Start of Data extract
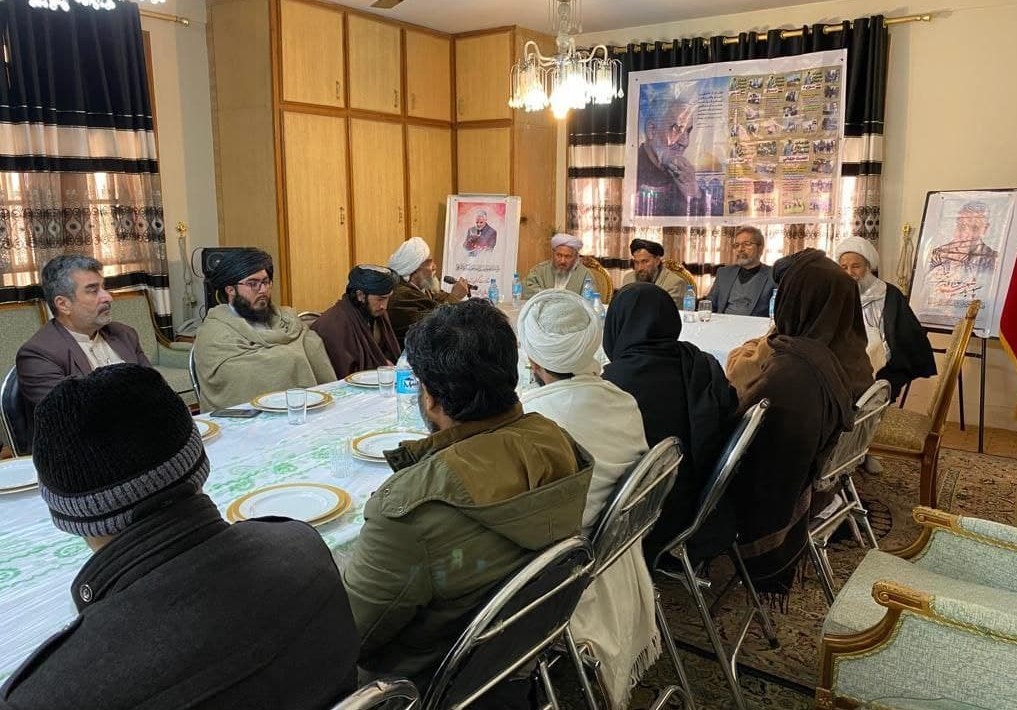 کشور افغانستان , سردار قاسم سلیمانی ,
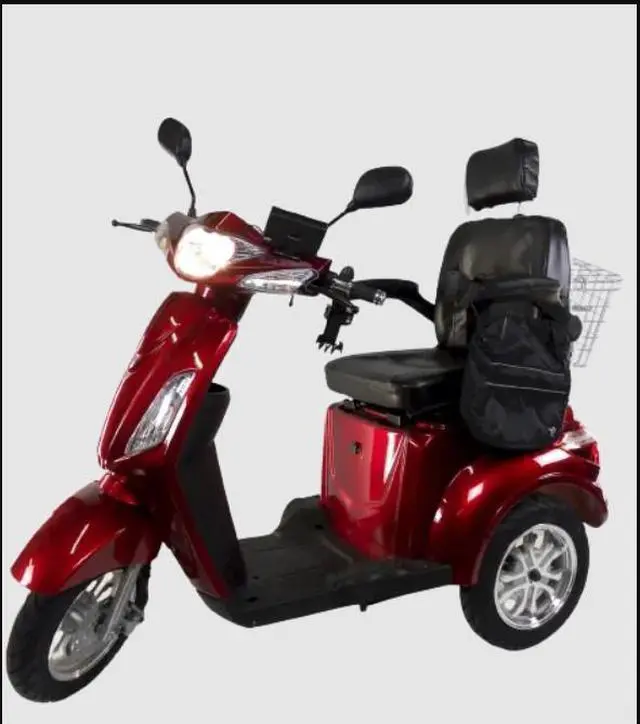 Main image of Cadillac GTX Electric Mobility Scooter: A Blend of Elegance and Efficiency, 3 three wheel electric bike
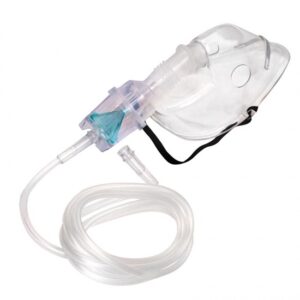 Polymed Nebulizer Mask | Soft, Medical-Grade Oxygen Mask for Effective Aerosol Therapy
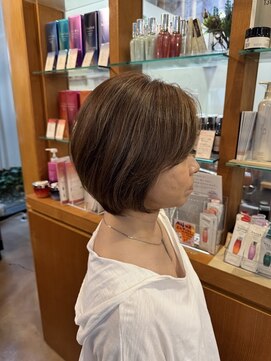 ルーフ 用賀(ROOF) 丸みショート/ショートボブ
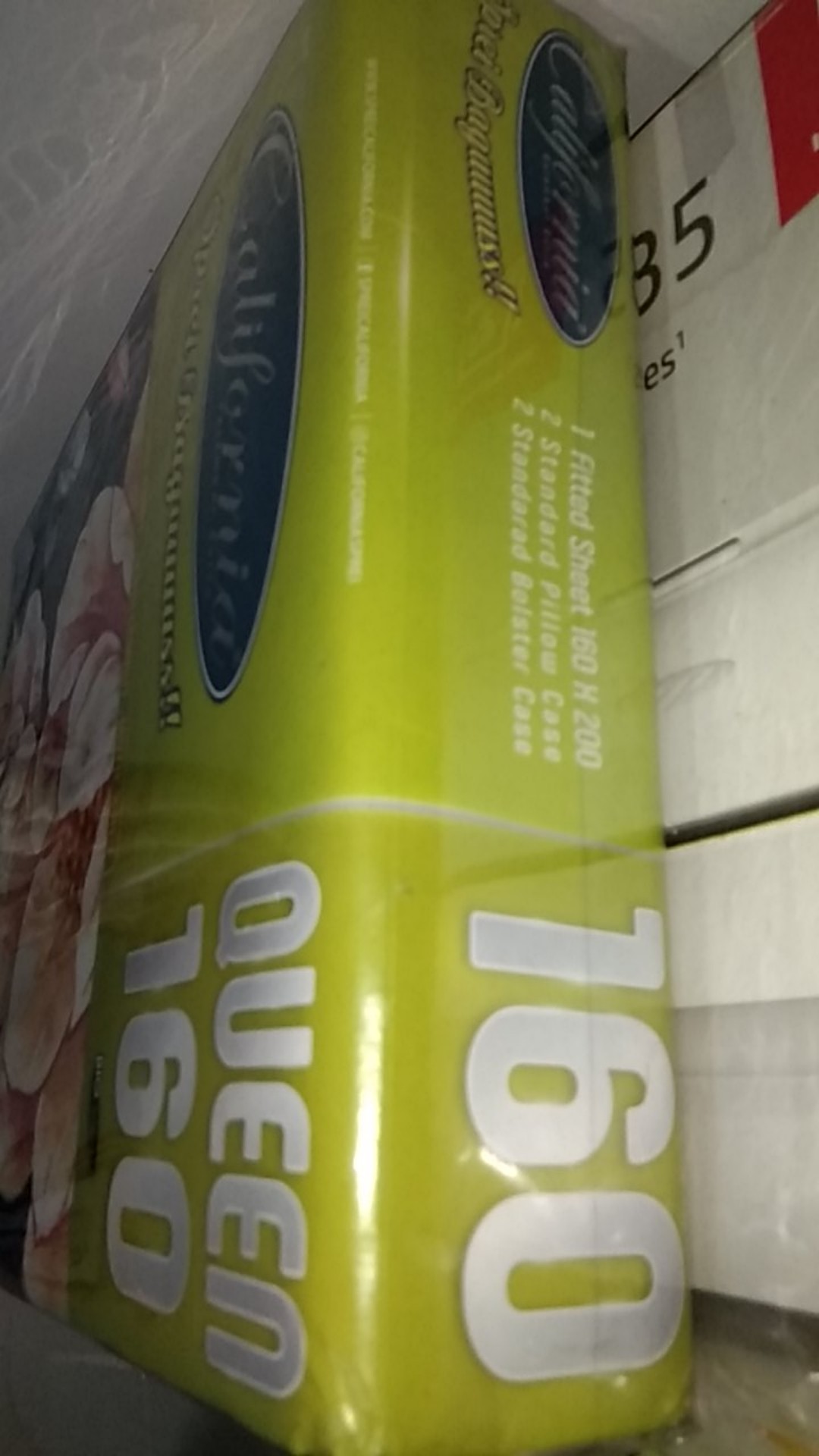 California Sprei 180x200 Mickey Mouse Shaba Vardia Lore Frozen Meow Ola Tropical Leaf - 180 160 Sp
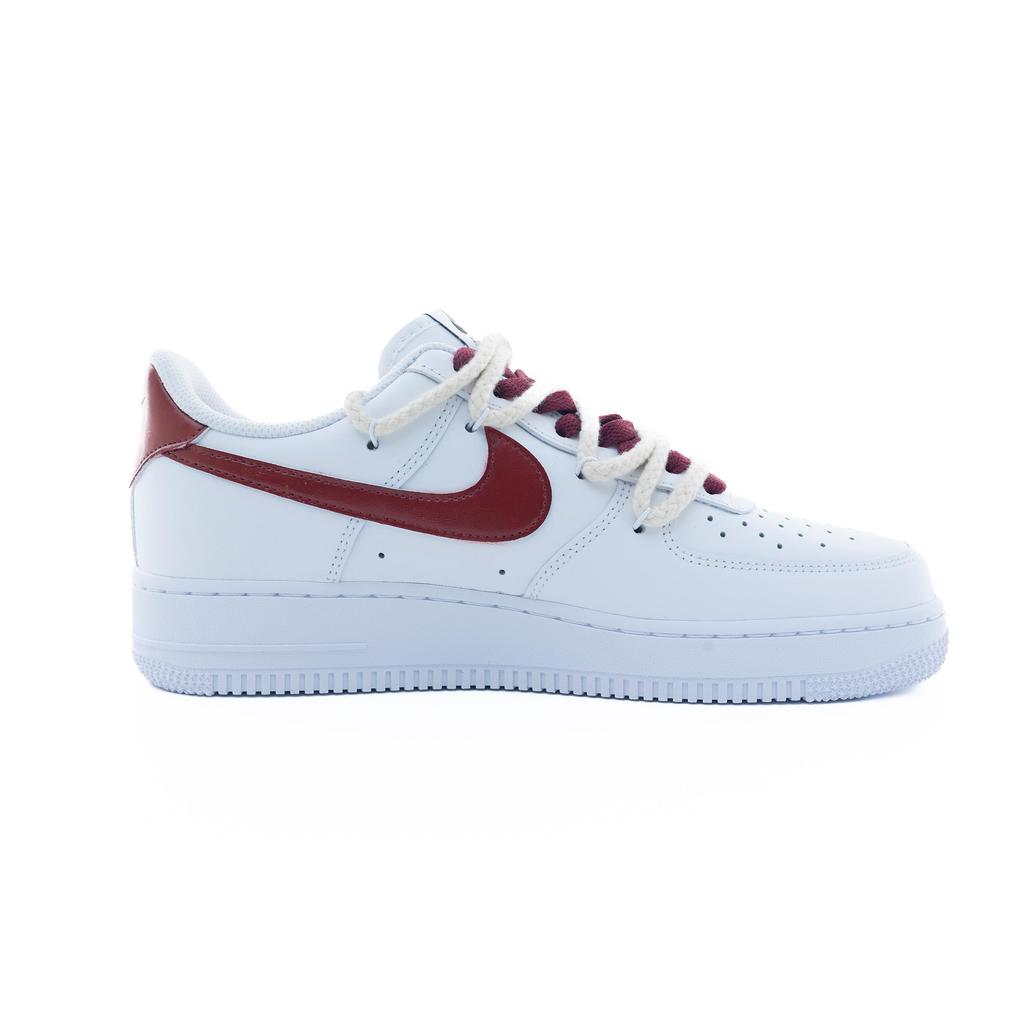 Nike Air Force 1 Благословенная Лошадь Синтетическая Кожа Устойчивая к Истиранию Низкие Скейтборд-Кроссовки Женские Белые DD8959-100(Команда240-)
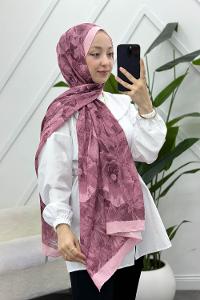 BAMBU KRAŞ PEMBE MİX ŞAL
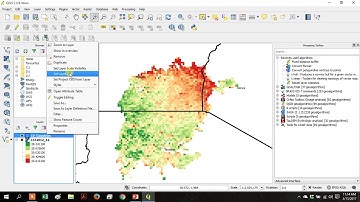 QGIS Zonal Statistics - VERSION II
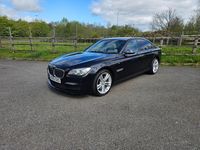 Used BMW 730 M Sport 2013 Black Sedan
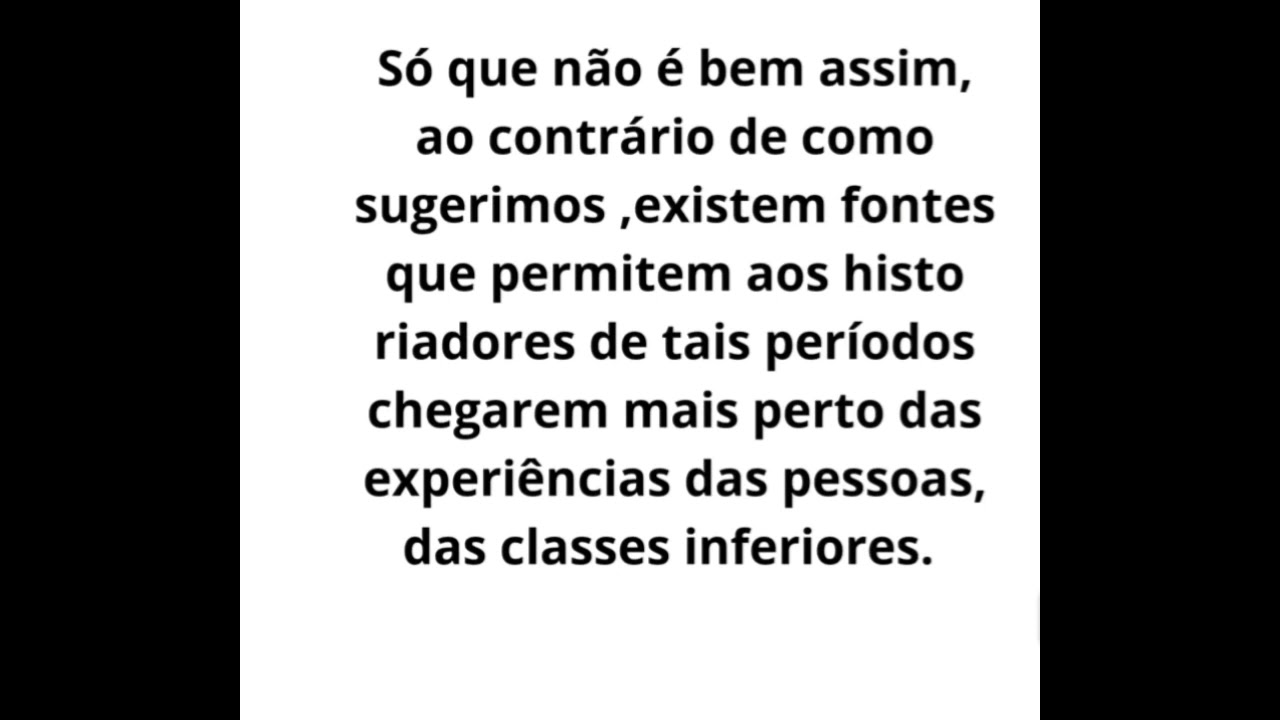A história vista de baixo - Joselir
End of Data extract
### What you need to do
An exact copy of the entries above is required; pictures are not part of it.

### Output of the task
 کشور افغانستان , سردار قاسم سلیمانی ,
 Main image of Cadillac GTX Electric Mobility Scooter: A Blend of Elegance and Efficiency, 3 three wheel electric bike
 Polymed Nebulizer Mask | Soft, Medical-Grade Oxygen Mask for Effective Aerosol Therapy
 ルーフ 用賀(ROOF) 丸みショート/ショートボブ
 California Sprei 180x200 Mickey Mouse Shaba Vardia Lore Frozen Meow Ola Tropical Leaf - 180 160 Sp
 Nike Air Force 1 Благословенная Лошадь Синтетическая Кожа Устойчивая к Истиранию Низкие Скейтборд-Кроссовки Женские Белые DD8959-100(Команда240-)
 BAMBU KRAŞ PEMBE MİX ŞAL
 QGIS Zonal Statistics - VERSION II
 Used BMW 730 M Sport 2013 Black Sedan
A história vista de baixo - Joselir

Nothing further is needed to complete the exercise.